Serling Israeli Visiting Scholar Harry Yuklea has spent the past four decades in the Israeli high-tech sector, working both as an academic and practitioner at the same time. He has collaborated with several universities in Israel, Greece, Argentina, Uruguay, and India, and has held leadership and advisory roles at various firms and agencies.
“Needless to say, we are very excited to have Harry join us for the fall,” said Ken Szymusiak, managing director of the Burgess Institute for Entrepreneurship & Innovation, which is co-sponsoring Yuklea’s visit with MSU’s Jewish Studies Program.
Both students and faculty are eager to engage with Yuklea. “I’m keenly looking forward to meeting” him, said Broad College Dean Sanjay Gupta. “With everything one reads about on the global stage when it comes to entrepreneurship and innovation, Israel leads the pack in so many areas.”
Gupta said it’s a real plus to the Broad College to have someone with such an extensive background abroad “come here and share with us the exciting developments” in the greater world. “We’ll take that as we try to understand the ecosystems around entrepreneurship, around creativity, around innovation that exist overseas, and learn from that for ourselves and for our students.”
Yuklea will be the lab instructor for two special class sections of Business 190 this fall, Szymusiak said.
Those sections will be “focused on highlighting Israel’s emergence as a dominant player in technology-related entrepreneurship, as well as providing an additional global context to entrepreneurship activities, having spent significant time working with startups around the globe,” Szymusiak said.
Yuklea has worked in tech development and engineering as well as marketing, management, consulting, and investment.
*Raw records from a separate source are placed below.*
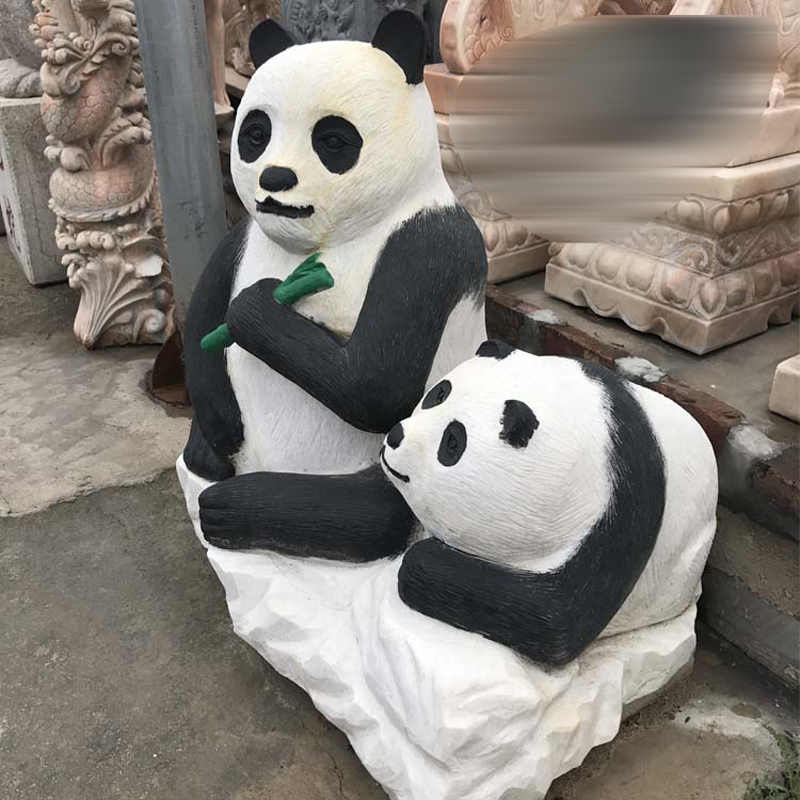 公園大熊貓石雕,景觀動(dòng)物石雕 (2)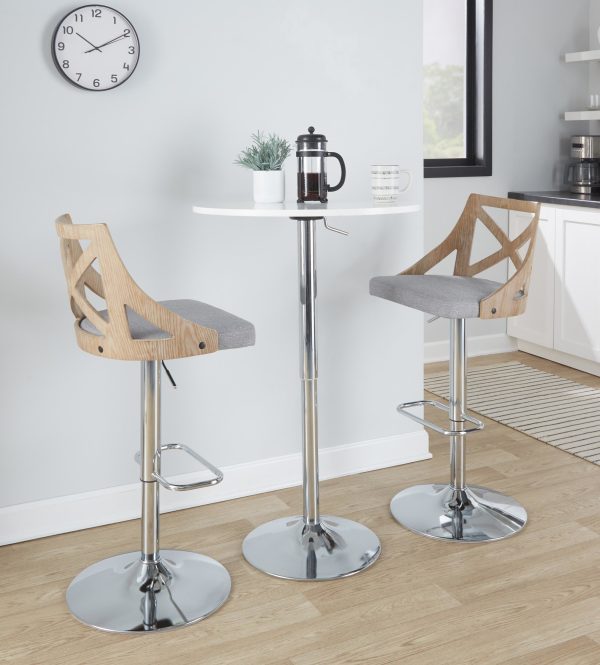 Charlotte Farmhouse Light Grey Adjustable Swivel Barstools Set of 2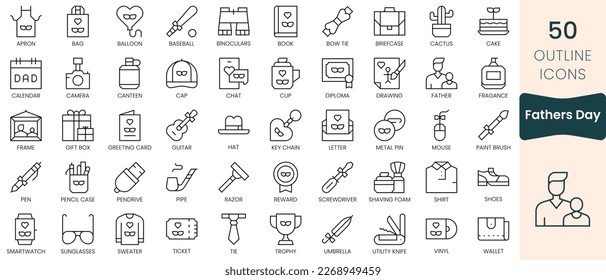 Conjunto de iconos del día del padre. Iconos de estilo lineal delgado Empaquetar. Ilustración vectorial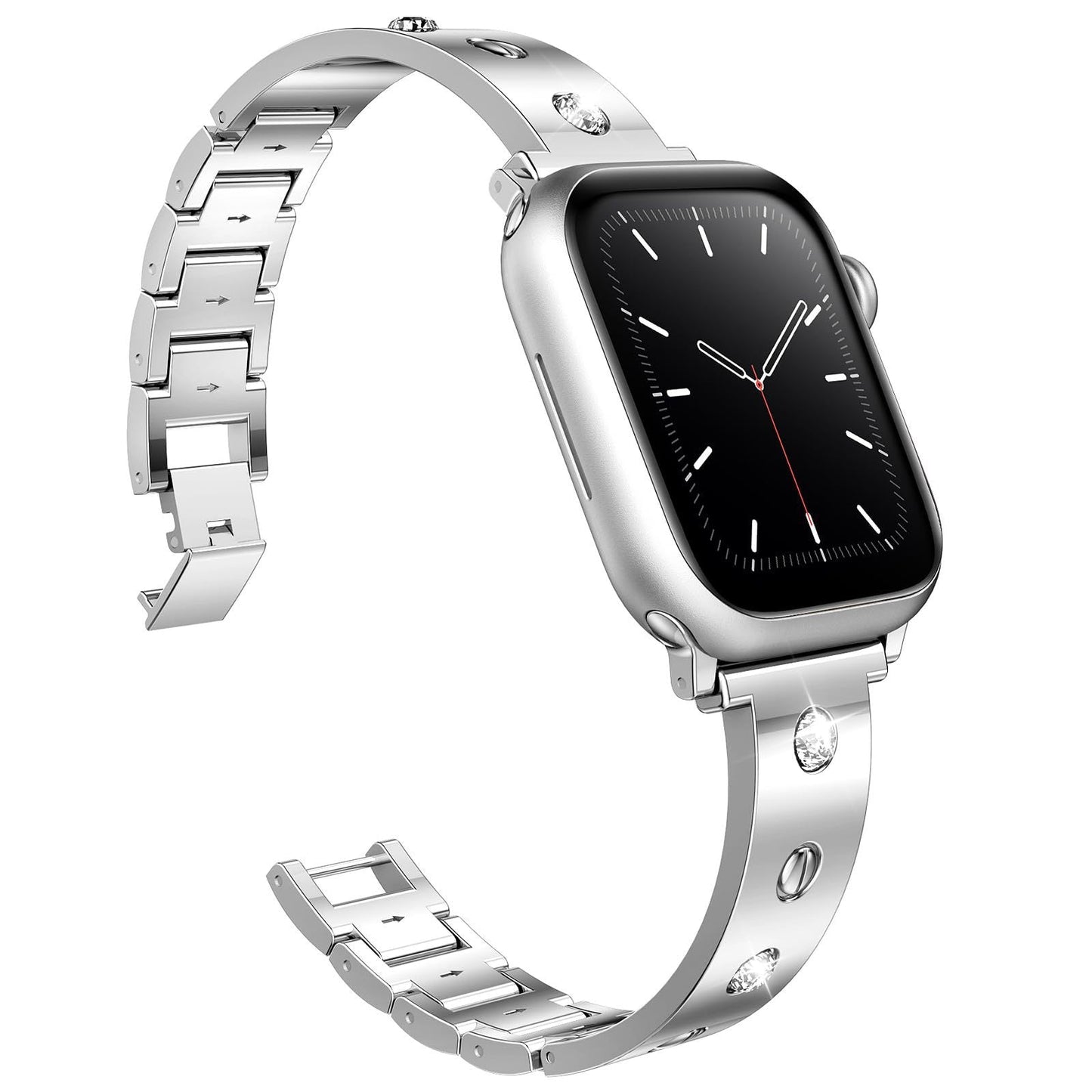 【送料無料】Apple Watch ブレスレット ダイヤモンド入りメタルバックル/華やかさと快適フィット/316Lステンレス/ダイヤ風クリスタル/カラー シルバー/対応機種 Apple Watch専用/サイズ 調整可 ユニセックス【ギフト】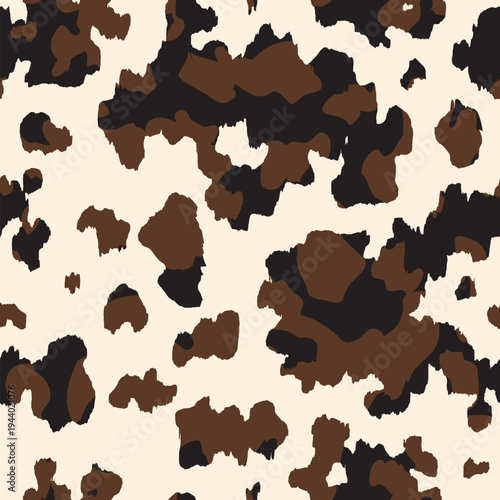 Cow seamless pattern. Vector animal skin print, grunge black and brown spots on white background. Natural spotted texture for textile, fabric, dairy farm decor, wrapping paper, wallpaper, backdrop.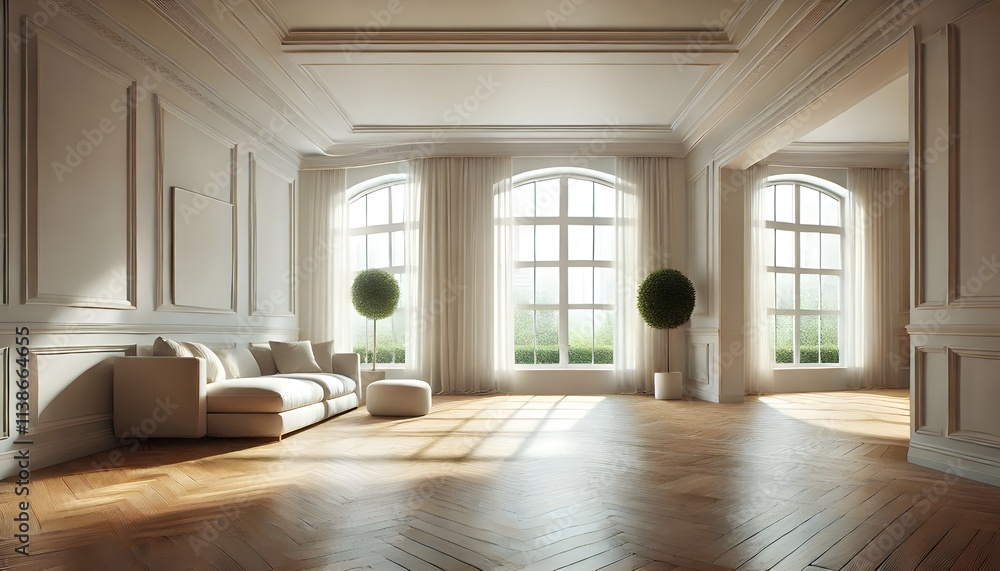 Fototapeta premium Spacious Living Room with Arched Windows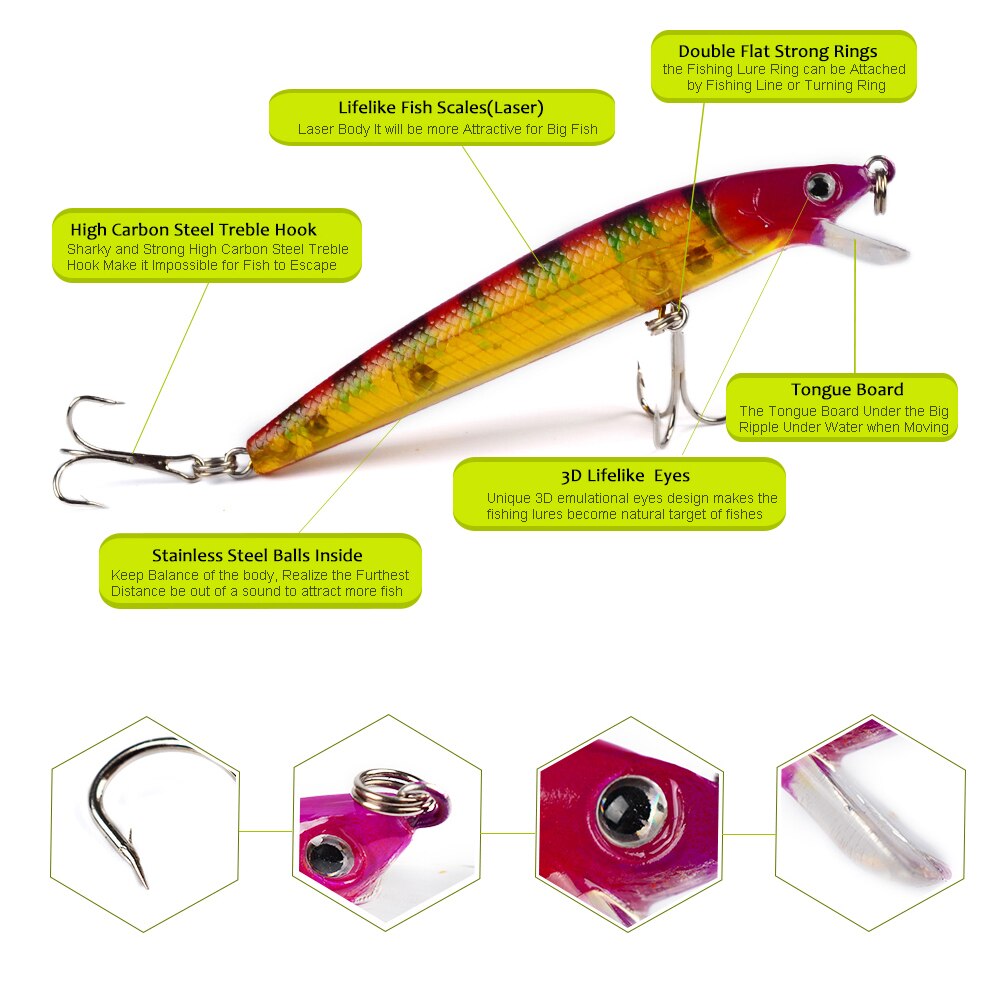 ACHETER 10pcs/set Isca Artificial Hard Bait | Leurre de pêche | AOMshop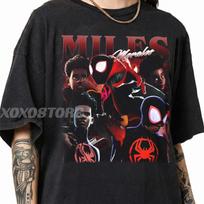 Miles Morales Spider-Verse T-and vaikiški marškinėliai, Across Comic Grafiniai marškinėliai 120 black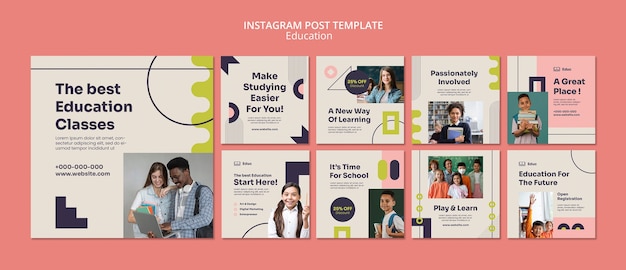 Flat design education template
He has served as advisor to the Israeli National Economic Council, the Israeli Innovation Authority, and various agencies in Europe, India, and the United States. And he is academic director for several youth entrepreneurship programs in Israel and worldwide.
Most recently, Yuklea co-founded Quantum China-Israel Investment Ltd., a Chinese firm specializing in creating Israel-China technology joint ventures.
His areas of academic expertise include the economics of innovation, entrepreneurial finance, entrepreneurship, and entrepreneurial policy design. Yuklea is expected to arrive in East Lansing during the week of Aug. 20.